Brow Beat

How Shirley Jackson Wrote “The Lottery”

Just as June 16 belongs to James Joyce, June 27 belongs to Shirley Jackson: It’s the day on which her classic story “The Lottery” is set. It could have been another day, but, as Jackson recalls in a posthumously published lecture on the story, the New Yorker editor who reviewed the first draft “asked for one change—that the date mentioned in the story be changed to coincide with the date of the issue of the magazine in which the story would appear, and I said of course.” As Ruth Franklin explained yesterday on the New Yorker’s Page-Turner blog, the story has emotionally taxed its readers for more than half a century. And yet if we take Jackson’s word for it, writing the story was a breeze, completed in the same set of movements as a walk with her daughter and a trip to the grocery store.

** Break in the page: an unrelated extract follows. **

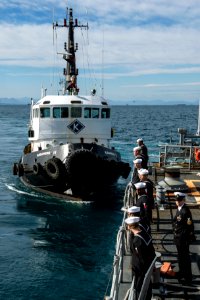 U.S. Sailors man the rails aboard the guided missile cruiser USS Philippine Sea (CG 58), right, March 4, 2014, as it arrives in Athens, Greece, for a scheduled liberty port visit 140304-N-PJ969-260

“I had the idea fairly clearly in my mind when I put my daughter in her playpen and the frozen vegetables in the refrigerator,” she recounts in the lecture, “and, writing the story, I found that it went quickly and easily, moving from beginning to end without pause. As a matter of fact, when I read it over later I decided that except for one or two minor corrections, it needed no changes, and the story I finally typed up and sent off to my agent the next day was almost word for word the original draft.”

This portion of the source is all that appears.